The SWAT model (https://swat.tamu.edu/) is one of the most widely used ecohydrological models worldwide and has been tested across an extensive range of watershed scales and environmental conditions (https://www.card.iastate.edu/swat_articles/). However, a considerable need remains for further testing of SWAT, especially to support applications for large river basin systems. This was a fundamental goal of the UMRB SWAT model described in this research, which was developed using the Hydrologic and Water Quality System (HAWQS) on-line platform (https://hawqs.tamu.edu/) with pre-loaded soil, land use, climate, topographic and other data layers.

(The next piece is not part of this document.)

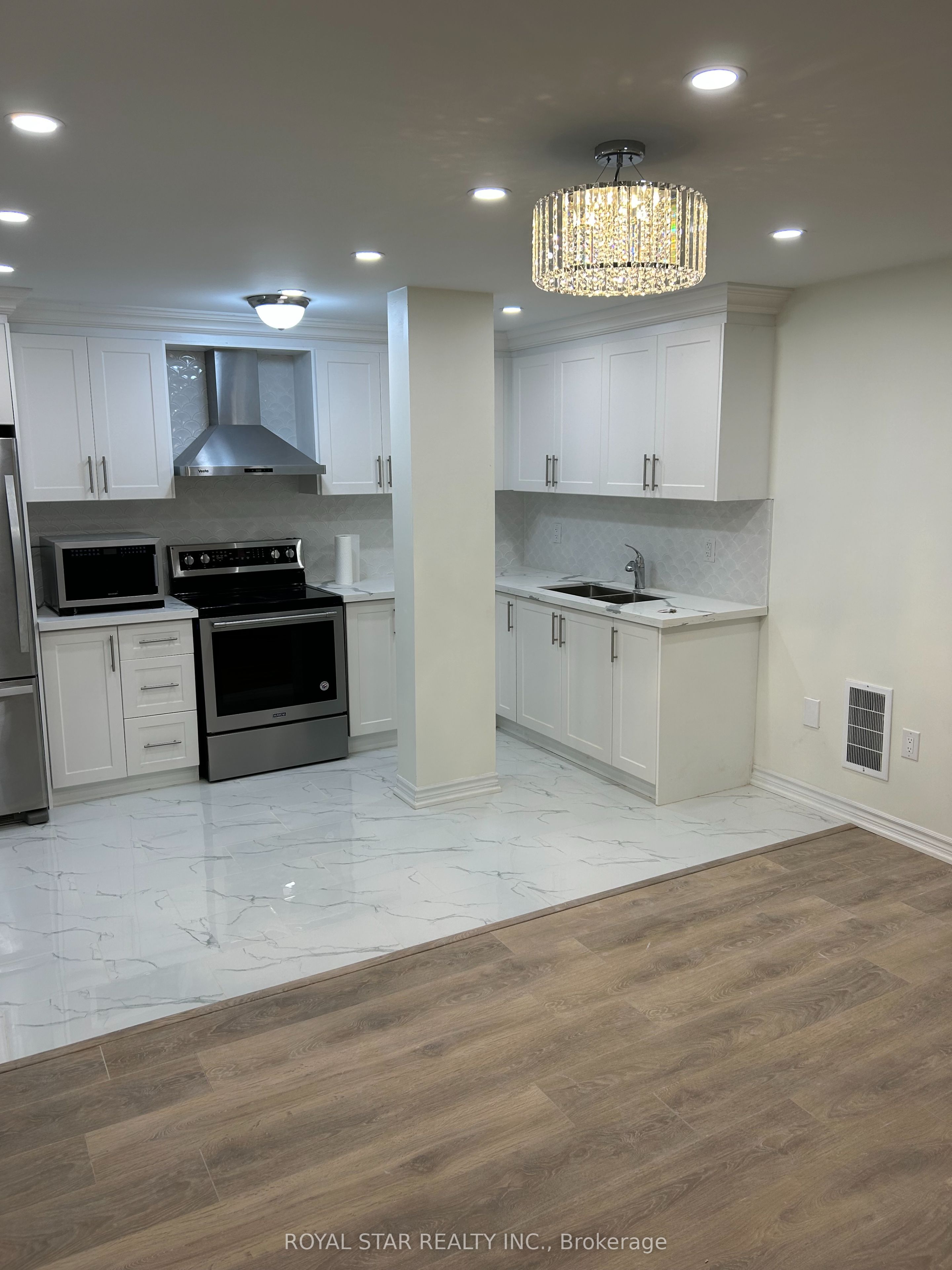 Unit Bsmt - 31 Hallaran Road, Oakville 5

The testing was performed in support of DOE-funded research focused on evaluating climate model metrics and specifically included evaluation of (1) Hargreaves (HG) and Penman-Monteith (PM) PET methods, (2) National Climatic Data Center (NCDC) and Parameter-elevation Regressions on Independent Slopes Model (PRISM) climate datasets, available in HAWQS, and (3) testing of Livneh climate data obtained external to HAWQS.
The effects of the two different PET methods and the three climate data sets evaluated here have not been reported in previous applications of SWAT for the UMRB. The SWAT simulations showed that the Livneh-PM combination resulted in the highest average annual water yield of 380.6 mm versus the lowest estimated water yield of 193.9 mm for the Livneh-HG combination, in response to 23-year (1983 to 2005) uncalibrated simulations. The HG method was also found to result in consistently higher ET/PET estimates on both an annual and growing season basis. The research conducted in this study further revealed that the strongest replication of UMRB streamflows at multiple gauge sites during the 23-year SWAT simulations, based on a spatial validation testing approach, were obtained using the HG PET method and PRISM climate data set. Relatively accurate streamflow estimates were also found based on a combination of the HG PET method and Livneh climate data set.
Overall satisfactory results were found for the calibration and validation gauge sites, with the majority of R2 values ranging between 0.61 and 0.82, Nash-Sutcliffe modeling efficiency (NSE) values ranging between 0.50 and 0.79, and Kling-Gupta efficiency (KGE) values ranging between 0.61 and 0.84. The combination of PRISM climate data and HG PET method was determined to be the best option for simulation UMRB hydrologic dynamics although the Livneh climate data set and HG PET method combination was also acceptable. In contrast, the NCDC climate data provided via HAWQS resulted in distinctly weaker streamflow results and thus is not recommended for further analyses. The results obtained in this study are providing a foundation for the next phase of research focused on evaluating contemporary climate data provided by selected regional climate models (RCMs). The approach will be extrapolated to other major river basins within the overall Mississippi River Basin (MRB) systems to support broader research initiatives within the DOE-funded research initiative.